21 décembre 2019

Les hommes qui marchent


"Va, avance désarmé."
       Hölderlin



On lit le vers d'Hölderlin et on voit la longue silhouette efflanquée de l'Homme qui marche de Giacometti. On voit aussi ces dizaines de milliers de civils qui fuient les bombardements dans la région d’Idlib en Syrie, hier, ou les corps ensanglantés du massacre de Sinak en Irak, avant-hier. Récits sans fin que nous livre la presse au petit-déjeuner, nous flanquant une vague nausée: on avance désarmé sur une terre surarmée. Quelle réponse imaginer à ce grand écart quotidien?
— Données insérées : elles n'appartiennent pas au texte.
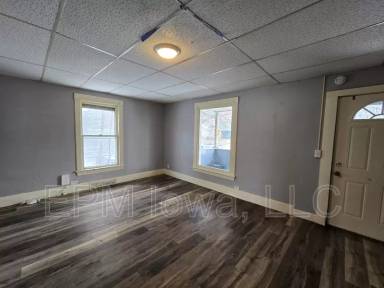 Main picture of 119 Irving St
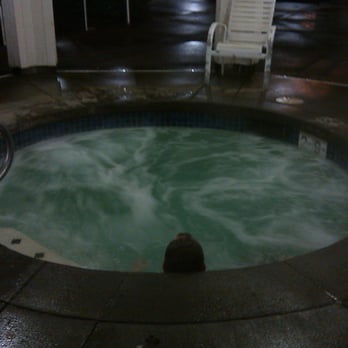 Sterling Pointe by Prime Residential - Outdoor hot tub (Behind office, next to indoor pool) - Apartments Near Me - Beaverton, Oregon Sterling Pointe by Prime Residential - Outdoor hot tub (Behind office, next to indoor pool) - Apartments Near Me - Beaverton, Oregon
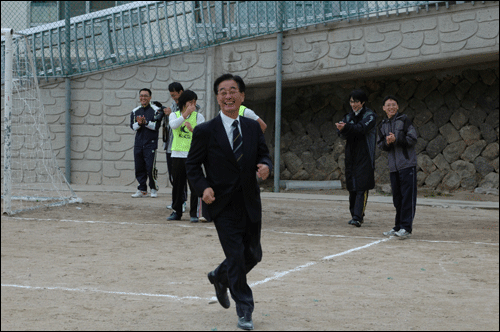 대회 시작전, 군수님이 시축에서 골을 넣으시고 너무나 기뻐하십니다 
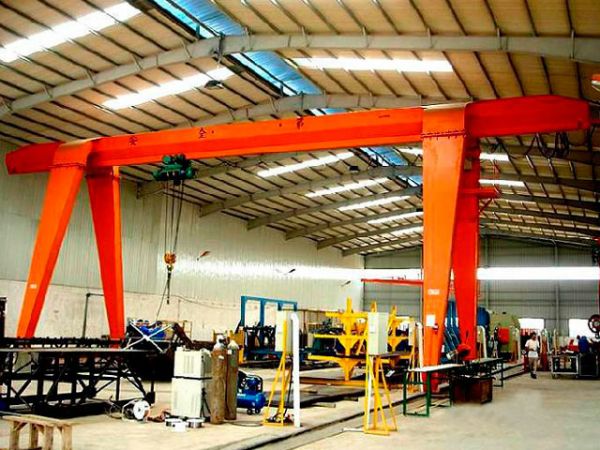 在下雨天 使用起重機時需要注意什么呢？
Peut-être le choix de de demeurer envers et contre tout "indésespérable" comme le suggère Wajdi Mouawad dans un beau texte. "Je n’ai pas de position, je n’ai pas de parti, je suis simplement bouleversé car j’appartiens tout entier à cette violence. Je regarde la terre de mon père et de ma mère et je me vois, moi : je pourrais tuer et je pourrais être des deux côtés, des six côtés, des vingt côtés. Je pourrais envahir et je pourrais terroriser. Je pourrais me défendre et je pourrais résister et, comble de tout, si j’étais l’un ou si j’étais l’autre, je saurais justifier chacun de mes agissements et justifier l’injustice qui m’habite, je saurais trouver les mots pour dire combien ils me massacrent, combien ils m’ôtent toute possibilité à vivre. (..) Il n’y a que ceux qui crient victoire à la mort de leurs ennemis qui tirent joie et bonheur de ce désastre. Je ne serai pas l’un d’entre eux même si tout concourt à ce que je le sois. Comment faire pour éviter le piège? Comment faire pour ne pas se mettre dans le discours qui nous mènera tout droit à la détestation ? (..) Ce n’est pas la destruction qui me terrorise, ce ne sont pas même les invasions, non, car les gens de mon pays sont indésespérables malgré tout leur désespoir et demain, j’en suis sûr, vous les verrez remettre des vitres à leurs fenêtres, replanter des oliviers, et continuer, malgré la peine effroyable, à sourire devant la beauté. Ils sont fiers. Ils sont grands. Les routes sont détruites ? Elles seront reconstruites. Et les enfants, morts dans le chagrin insupportable de leurs parents, naîtront encore. Au moment où je vous écris, des gens, là-bas, font l’amour. Obstinément."



Lu dans:
Wajdi Mouawad. Le Sang des promesses : Tome 2, Incendies. Postface de Charlotte Farcet. Actes Sud. Collection : Babel. 2011.  169 pages.